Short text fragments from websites
——

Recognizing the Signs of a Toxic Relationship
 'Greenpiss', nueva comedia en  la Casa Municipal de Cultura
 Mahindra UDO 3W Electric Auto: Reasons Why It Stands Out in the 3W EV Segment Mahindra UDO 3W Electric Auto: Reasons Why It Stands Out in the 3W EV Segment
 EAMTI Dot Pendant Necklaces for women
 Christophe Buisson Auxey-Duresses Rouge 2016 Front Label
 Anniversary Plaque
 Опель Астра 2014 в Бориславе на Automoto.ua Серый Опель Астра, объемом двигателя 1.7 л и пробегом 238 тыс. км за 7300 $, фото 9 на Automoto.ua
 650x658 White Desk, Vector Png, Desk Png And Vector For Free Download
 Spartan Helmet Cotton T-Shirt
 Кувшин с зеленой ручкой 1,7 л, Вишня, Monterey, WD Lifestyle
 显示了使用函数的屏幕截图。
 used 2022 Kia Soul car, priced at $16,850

——

TASK :: The task calls for all the records above to be repeated exactly.

RESPONSE BELOW ::
Recognizing the Signs of a Toxic Relationship
 'Greenpiss', nueva comedia en  la Casa Municipal de Cultura
 Mahindra UDO 3W Electric Auto: Reasons Why It Stands Out in the 3W EV Segment Mahindra UDO 3W Electric Auto: Reasons Why It Stands Out in the 3W EV Segment
 EAMTI Dot Pendant Necklaces for women
 Christophe Buisson Auxey-Duresses Rouge 2016 Front Label
 Anniversary Plaque
 Опель Астра 2014 в Бориславе на Automoto.ua Серый Опель Астра, объемом двигателя 1.7 л и пробегом 238 тыс. км за 7300 $, фото 9 на Automoto.ua
 650x658 White Desk, Vector Png, Desk Png And Vector For Free Download
 Spartan Helmet Cotton T-Shirt
 Кувшин с зеленой ручкой 1,7 л, Вишня, Monterey, WD Lifestyle
 显示了使用函数的屏幕截图。
 used 2022 Kia Soul car, priced at $16,850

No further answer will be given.